Giganti e spie: la nostalgia per le ombre di Spielberg e Zemeckis .

Una parte della critica sostiene che sia sempre più necessario ormai rendere conto al proprio lettore di come, assieme a giudizi, rassicurazioni o stroncature, il film in oggetto si sia visto, ovvero delle sue condizioni di visione. Non diversamente da come si può osservare ogni altro tipo di evento, è ormai per molti chiaro come la diversificazione dei canali di fruizione si possa fondere, se non confondere, a una critica votata all’oggettività. Tuttavia, anche senza volersi scomodare una “critica della critica”, è chiaro come nell’atto dello scrivere l’aver visto due film in sala a poca distanza l’uno dall’altro generi a volte un confronto anche involontario. Quando poi i nomi coinvolti hanno un peso specifico e una storia comune, tale accostamento si rende quasi automatico. Chi scrive pensa quindi che esista una condizione di vicinanza tanto personale, di visione, quanto una sottile analogia fra gli ultimi lavori portati nelle sale dal duo composto  Spielberg e Zemeckis.

Chiaro come fra i due registi ci sia stato in passato un dialogo a partire dalla sceneggiatura di “1941 – allarme a Hollywood”, alla chiara imitazione con “All’inseguimento della pietra verde” sull’onda del rilancio dell’avventura grazie al più famoso archeologo, passando alla produzione di “Ritorno al Futuro” e “Chi ha incastrato Roger Rabbit” da parte dello stesso Spielberg. Ora però le affinità si fanno più celate, quasi ombrose. I prodotti di animazione e le ultime prove dei due ex-giovani di Hollywood sono sicuramente più autonome e, osiamo dire, personali. Dopotutto, quali sono i punti in comune fra la storia di una bambina che si ritrova in un paese dei giganti e una storia d’amore fra una spia inglese e una francese durante la seconda guerra mondiale?

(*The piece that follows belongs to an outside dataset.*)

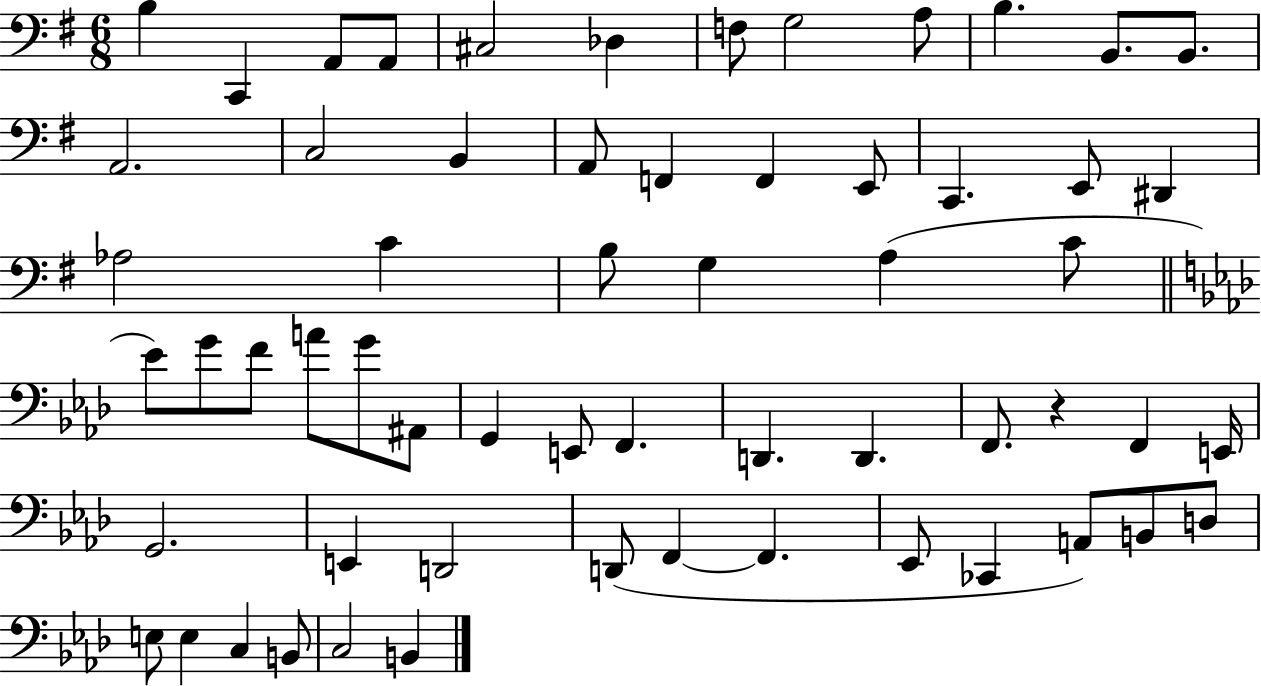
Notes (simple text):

B3/q C2/q A2/e A2/e C#3/h Db3/q F3/e G3/h A3/e B3/q. B2/e. B2/e. A2/h. C3/h B2/q A2/e F2/q F2/q E2/e C2/q. E2/e D#2/q Ab3/h C4/q B3/e G3/q A3/q C4/e Eb4/e G4/e F4/e A4/e G4/e A#2/e G2/q E2/e F2/q. D2/q. D2/q. F2/e. R/q F2/q E2/s G2/h. E2/q D2/h D2/e F2/q F2/q. Eb2/e CES2/q A2/e B2/e D3/e E3/e E3/q C3/q B2/e C3/h B2/q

Spielberg e la manipolazione di sogni

Seguendo una analisi di carattere autoriale è facile collocare “Il GGG – il grande gigante gentile” in quell’alternanza con cui Spielberg ci sta abituando negli ultimi anni, che vede scandire film di grande spessore e impegno culturalmente marcato (Lincoln, Il ponte delle spie) a fughe favolistiche, quasi proto-disneyane (“War Horse“, “Le avventure di Tin Tin“).  Non a caso con la trasposizione del racconto di Roald Dahl, Disney si riserva il ruolo di distributore.

Si tratta della seconda incursione nella tecnica dell’animazione in motion caputre dopo “le avventure di Tin Tin – il segreto dell’unicorno”, ma questa volta al gigante digitale vengono affiancati attori e set reali. Saremmo quindi più dalle parti della tecnica mista, ma non siamo sicuri che questa classificazione possegga ancora un suo valore classificatorio. Ciò che ci preme è notare come nonostante l’inserimento della bambina sempre a fianco del gigante digitale a Spielberg non sembra importare molto del suo passato e del suo trattamento come protagonista, ed è questa una prima smagliatura.

Sophie è trattata soprattutto in funzione dell’interazione con il Ggg, figura eroica tipicamente spielberghiana. Inteso, non ci può essere l’uno senza l’altra, ma è evidente come, anche in funzione a un racconto lineare, l’interesse va verso l’affabulazione attraverso la costruzione di un mondo altro, tipico del sogno e che è quello vissuto dal gigante.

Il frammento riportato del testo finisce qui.